Record extracts:
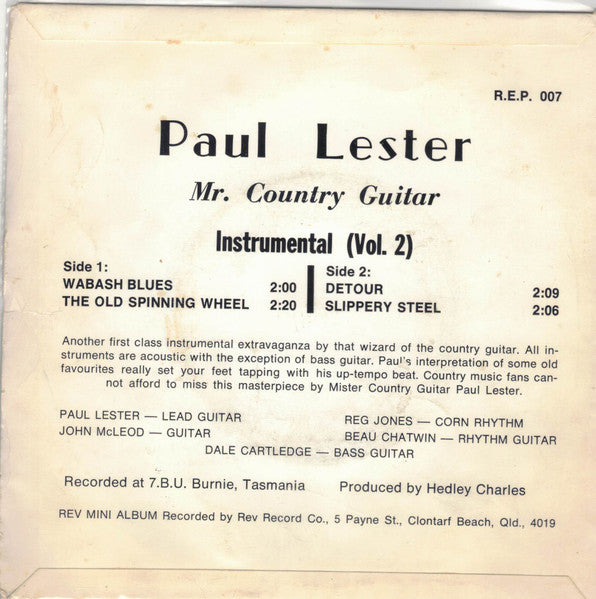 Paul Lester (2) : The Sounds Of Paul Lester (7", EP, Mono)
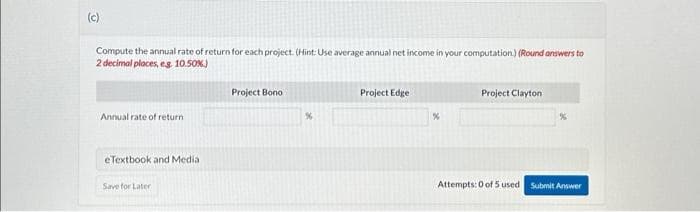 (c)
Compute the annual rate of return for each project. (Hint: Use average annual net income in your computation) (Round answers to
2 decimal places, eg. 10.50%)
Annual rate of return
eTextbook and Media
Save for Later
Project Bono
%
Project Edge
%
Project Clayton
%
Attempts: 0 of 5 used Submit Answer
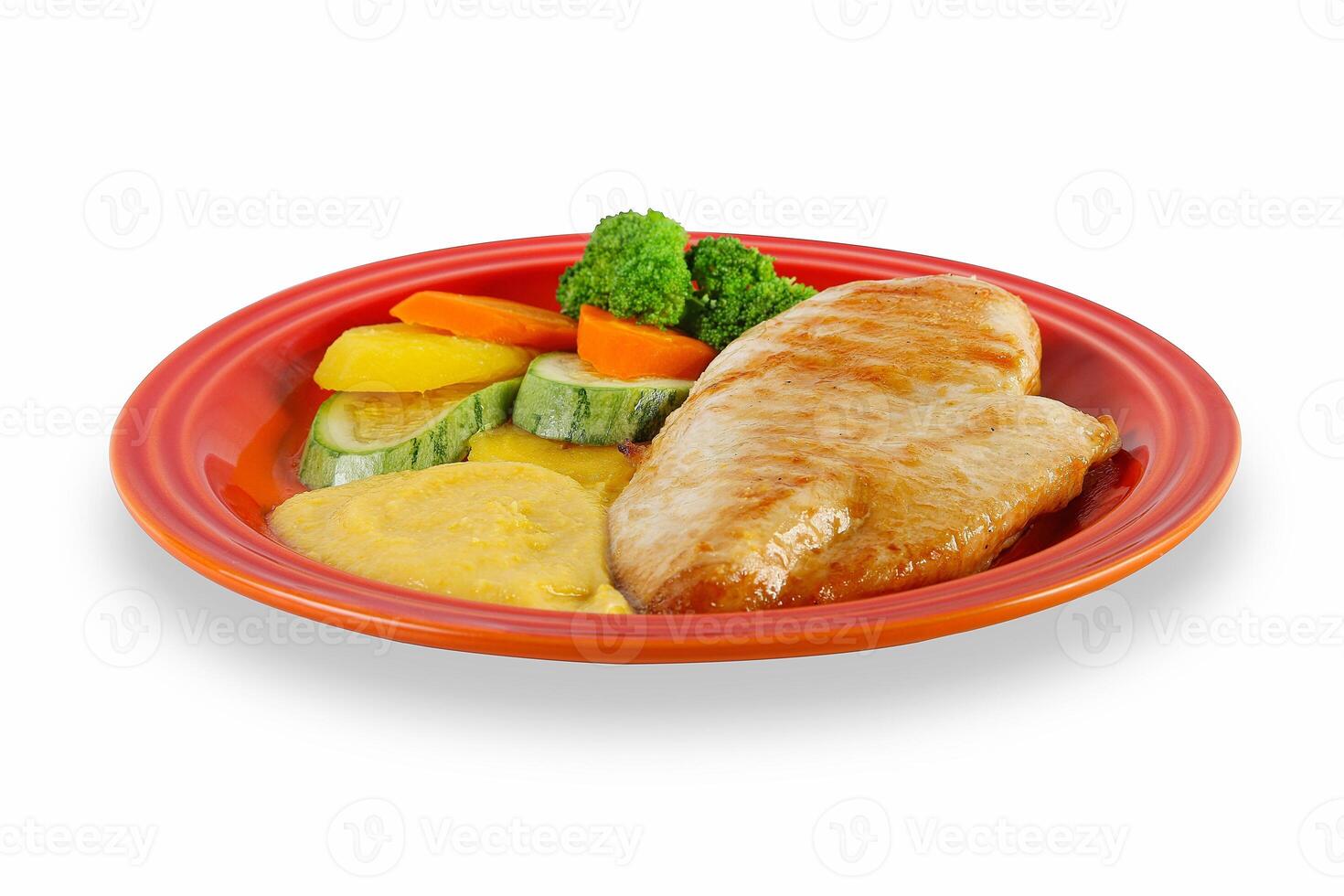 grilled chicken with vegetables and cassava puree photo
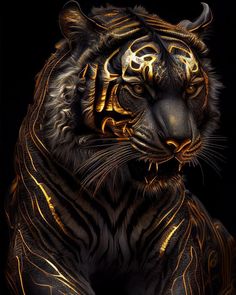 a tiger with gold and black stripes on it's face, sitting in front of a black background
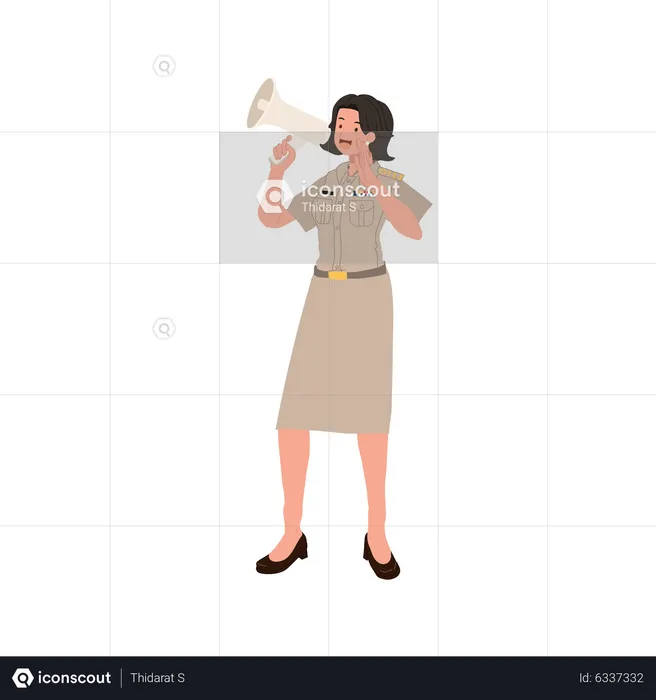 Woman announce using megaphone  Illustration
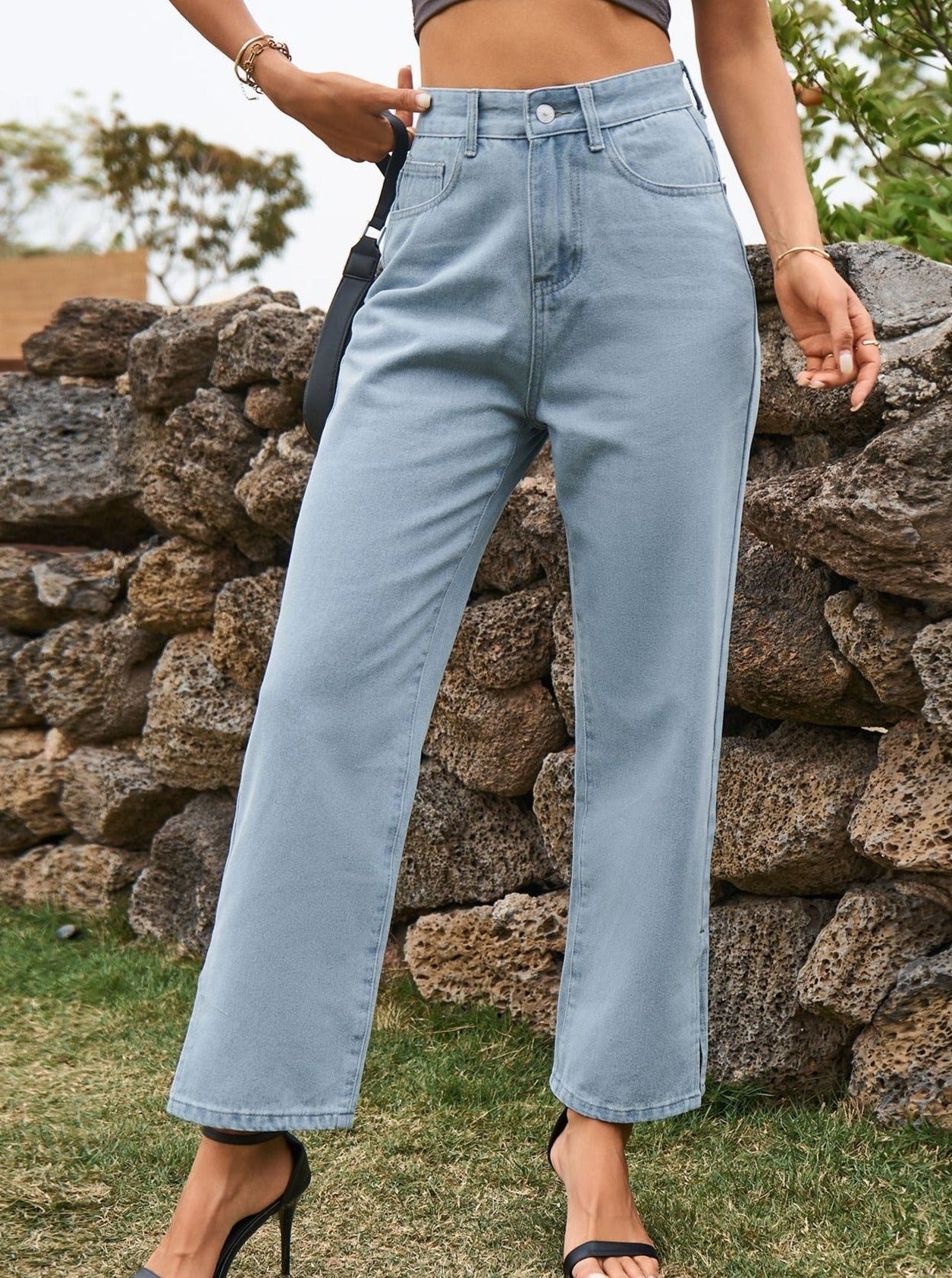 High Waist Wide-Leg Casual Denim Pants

Try it: Transcribe the material above word for word; images do not belong in the copy.

Solved exercise:
 Paul Lester (2) : The Sounds Of Paul Lester (7", EP, Mono)
 (c)
Compute the annual rate of return for each project. (Hint: Use average annual net income in your computation) (Round answers to
2 decimal places, eg. 10.50%)
Annual rate of return
eTextbook and Media
Save for Later
Project Bono
%
Project Edge
%
Project Clayton
%
Attempts: 0 of 5 used Submit Answer
 grilled chicken with vegetables and cassava puree photo
 a tiger with gold and black stripes on it's face, sitting in front of a black background
 Woman announce using megaphone  Illustration
 High Waist Wide-Leg Casual Denim Pants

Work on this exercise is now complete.